February 02, 2010

Budapest

Arrived in Budapest to what the UK would call a blizzard. The snow was thicker than it was a few weeks back in England and it seemed to have no effect on daily life. Everywhere I went, even outer areas of the city, had cleared pavements and roads. Unlike Manchester city centre's incapable response to snow, no-one was slipping over; it was business as usual.

(View from my hotel)

Being here had the desired effect on writing Tesseract – what could be more conducive than being cut off from the world supplied at regular intervals with caffe lattes and overlooking ice flowing down the Danube?

On Monday evening I had the great pleasure of dinner at Márton Koppány's apartment. About 25 mins from the hotel, though the taxi ripped me off charging double what it cost for the trip back.

Márton's 'poetry dog' (every poet should have one!) Gertrude S. was a big black soft haired sweety who barked whenever she wanted something, which most often was to be played with or stroked. Luckily I had brought her a ball and missing our poetry dog was happy to stroke. Márton's wife Gyöngyi teaches English and asked me a couple of questions about grammar which I answered inconsistently, because, as I said, the English don’t really learn or understand grammar – part of our imperial laziness - so even things that are grammatically incorrect sound feasible to our ears. I called it our ‘flexibility’. Márton and I talked about vispo and whether the new taste for asemic writing amounted to anything, conceptual art, the Text Festival (which he will be in), his choice of English over Hungarian and the phenomenon of global networking. Gyöngyi made dinner; we drank two bottles of wine. The food was a chicken and cauliflower bake with rice followed by cake. I gave Márton a copy of Reykjavik and he gave me a couple of his books (Investigations and Endgames) which look very nice indeed.






Yesterday, I had lunch with Allan Siegel, a media artist, writer and teacher at Budapest Art University.
http://www.kekbicikli.hu/ We discussed the 5 Places project in his favourite bistro.







After that, I connected up again with Márton to see the Műcsarnok Kunsthalle retrospective of the Balázs Béla Studio.
http://www.ernstmuzeum.hu/new_site/index.php?lang=en

It didn't really work for me as I had no knowledge of 50's-60's Hungarian avant-garde film-making and it was curated as a cross between an art show and a museological survey, the latter part not really working with Műcsarnok's spaces.

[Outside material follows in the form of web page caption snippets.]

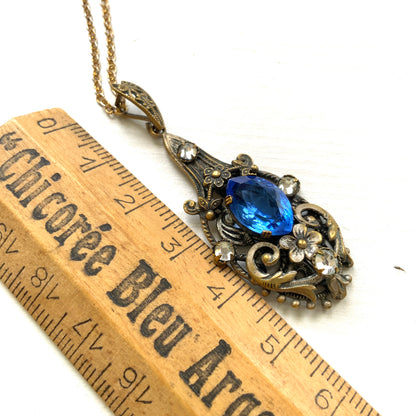 A vintage pendant necklace featuring a vivid blue navette glass stone surrounded by floral motifs. 鮮やかなブルーのナヴェットグラスの周りに、フローラルモチーフがあしらわれたヴィンテージのペンダントネックレス。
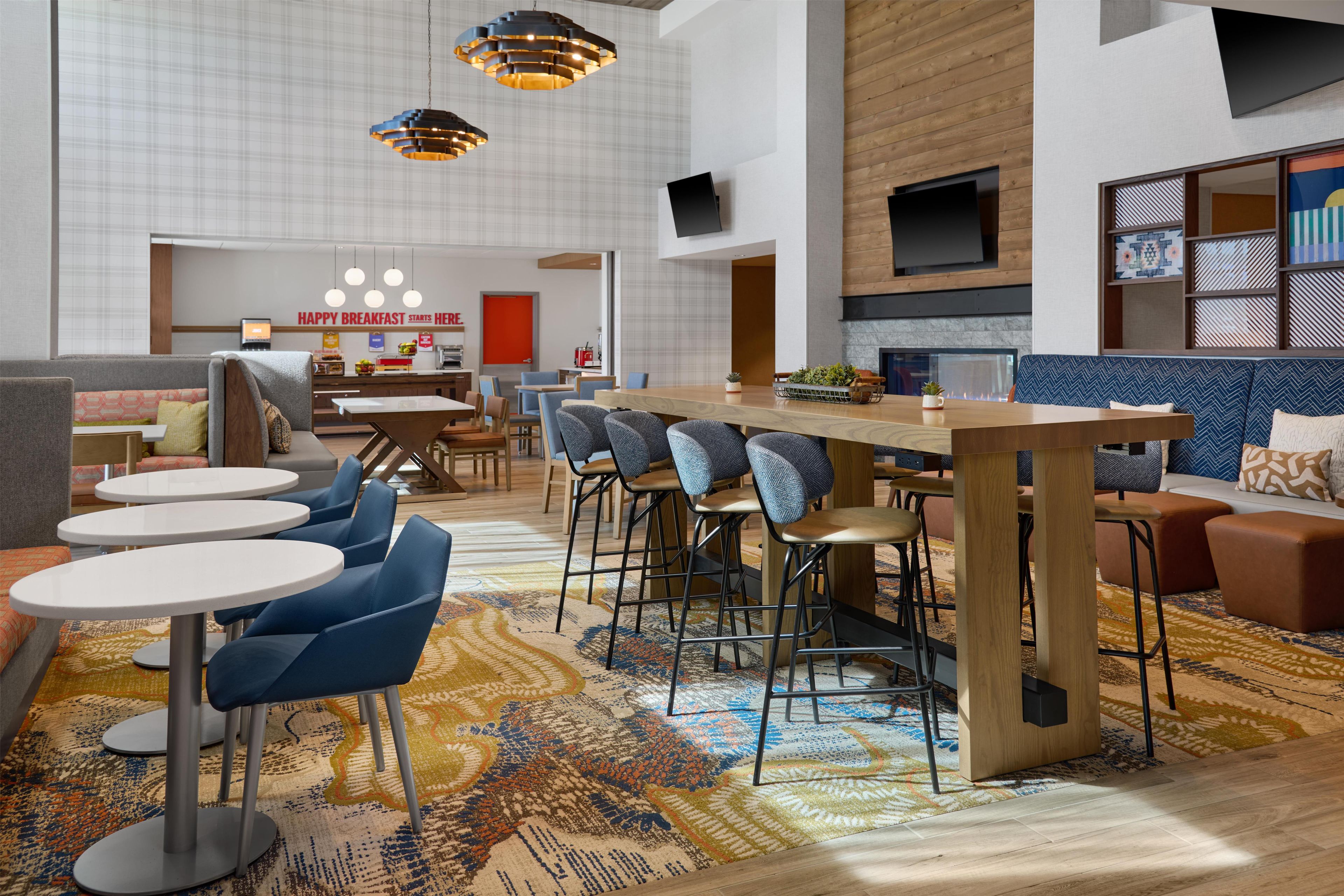 A modern hotel lobby with a central bar, seating areas, and a breakfast counter.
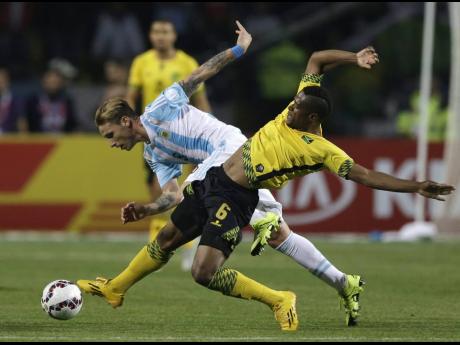 
Jamaica’s Lance Laing attempts to tackle Argentina’s Lucas Biglia during a Copa America Group B game at the Sausalito Stadium in Vina del Mar, Chile, on August 20, 2015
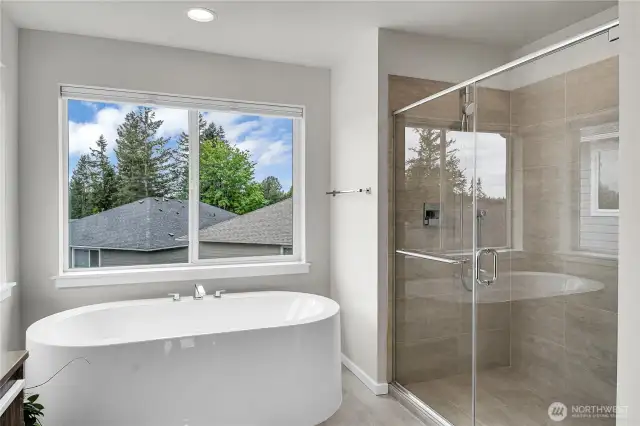 The oval soaking tub and oversized glass enclosed shower make you feel like you’re at a luxury spa.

From there I went on to the Trafo Contemporary Art Centre, http://www.trafo.hu/ to see Subversive Excerpts, a show looking at the experimental and conceptual practices between the nineteen-sixties and eighties in Europe and South America under the influence of military dictatorships and communist regimes. Taken with the subtext of the BBS show and the conversations with Márton, it is clear that the recent history of repression in Hungary is still a raw element in artists' consciousness, but not having had that experience, I had to feel a distance from that reality.